DEV Community: Victor Ayoola

How My Team from Risevest Academy and I Built an End-to-End Encrypted Messaging App in 3 Weeks

Victor Ayoola — Thu, 28 May 2026 23:02:13 +0000

We were each asked to come up with an Idea of a project we would like to build. I have always wondered what the tech behind messaging platforms is like, so for me it was easy. Build a secure messaging platform. After a bit of research, I thought I understood what that meant. After the past three weeks, having built something I'm really proud of, I can tell you that I had no idea what I was getting into. Not in a bad way, but in a way that meant I was bound to learn.

This is the story of how a team of four backend developers built a real-time, end-to-end encrypted messaging platform with WebSocket messaging, media sharing, push notifications, and a functioning encryption layer.

Where We Started

The idea was initially simple; build something like WhatsApp, but with privacy as the foundation. Messages had to be encrypted on the sender's device and decrypted only on the recipient's. So not even our servers could reach the messages.

That last requirement changed everything about how my vision for the system looked. Building a simple CRUD app is relatively easy, REST APIs, maybe a real-time feature here and there. E2EE is a different ball game entirely. It forces you to think about different boundaries, what does the server know? What should it know? And what is off limit?

Before we started actually coding, we spent time on three questions: what were we actually building, what did each piece of the stack need to do, and what were the dependencies between them?

The Tech Stack and Why We Chose It

We landed on Node.js, TypeScript, Express, PostgreSQL, Redis, and Socket.io for the backend.

TypeScript with strict mode was non-negotiable. With four people writing backend code simultaneously as well as working on the frontend, type safety is what keeps everyone honest. Every API response shape, every socket event payload, every database model is fully typed. When a response shape changes the frontend catches it at compile time.
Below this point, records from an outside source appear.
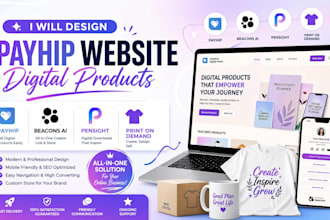 design payhip website digital products beacons ai pensight print on demand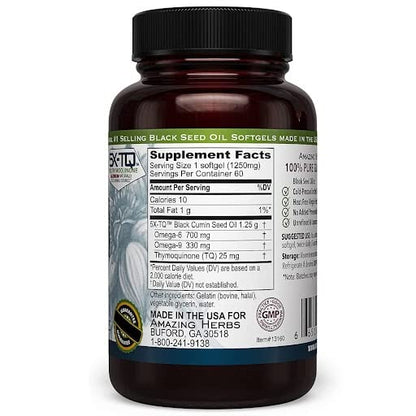 Amazing Herbs Premium Capsules - High Potency, Cold Pressed Nigella Sativa Aids in Digestive Health - Maple Wellness Supplements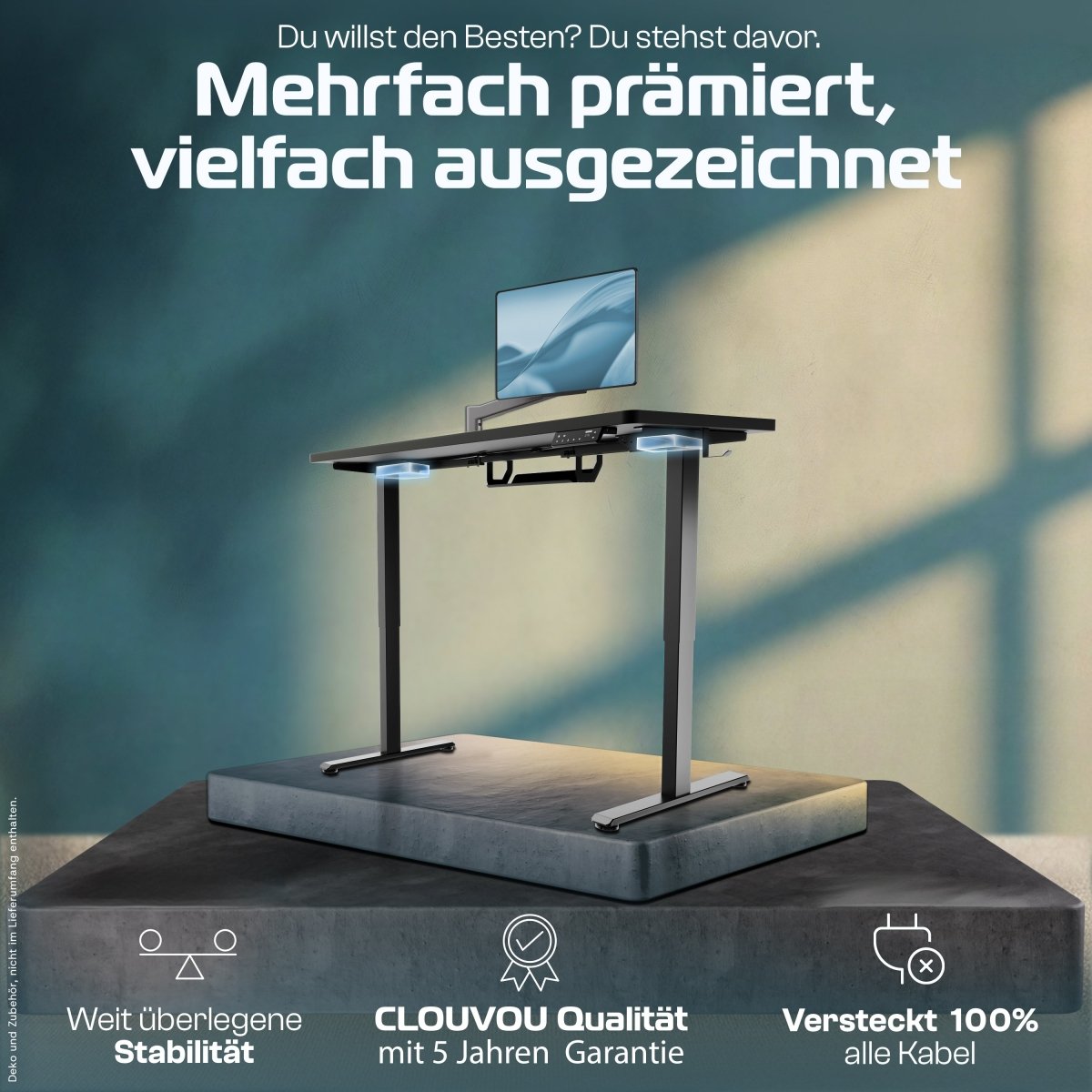 CleverDesk – Elektrisch höhenverstellbarer Schreibtisch - Clouvou 160 x 80cm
Express.js was a deliberate choice. We considered other choices - briefly, but Express felt like the obvious choice: every developer on the team already knows it - for one. We built a clean middleware stack on top of it — validation, JWT auth, error handling and request logging.

PostgreSQL and Knex because relational data fits our domain. Users, conversations, members, messages — these have clear relationships and constraints. Knex gave us type-safe migrations and query building without the magic of a full ORM. We wrote our migrations in dependency order and never had a schema conflict.

Socket.io with Redis adapter for real-time messaging. Socket.io's room abstraction maps perfectly to chat conversations — a socket joins the conversation room, messages are emitted to the room, everyone in it receives them. The Redis adapter is what allows this to scale: when you have multiple server instances, a message arriving at server A needs to reach a user connected to server B. Redis pub/sub is the channel between them.

BullMQ for offline message delivery. When a recipient is offline, the message queues. A background worker processes the queue and triggers push notifications. Jobs retry automatically with exponential backoff. This is the kind of infrastructure that feels like overkill until the day it saves you.

Firebase for three separate things: Authentication through firebase phone verification. Cloud Messaging handles push notifications. We originally planned to use Firebase Storage for media but switched to Cloudinary midway through because of its built-in transformation pipeline.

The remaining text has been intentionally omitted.